Making a business case for enterprise blockchain

No other major tech firm can match IBM when it comes to public endorsements of DLT, with IBM’s avid pursuit of blockchain coming from the top, according to Wieck. CEO Ginni Rometty has even said she believes the technology could have as much impact on transactions as the Internet has had on information.

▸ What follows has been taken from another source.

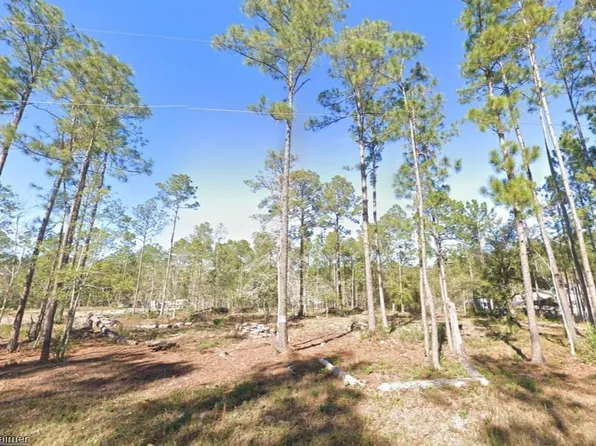 4335 Theresa St, Hastings, FL 32145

“We clearly would not invest in new units for new technologies if we didn’t feel committed to the potential benefits of this,” Wieck tells The Block; describing a “potential” seemingly without limit. “To me, there is a fundamental digital transformation occurring in every industry. Today every company is a tech company. It doesn’t matter what service or product you are delivering if you are digitizing your business.”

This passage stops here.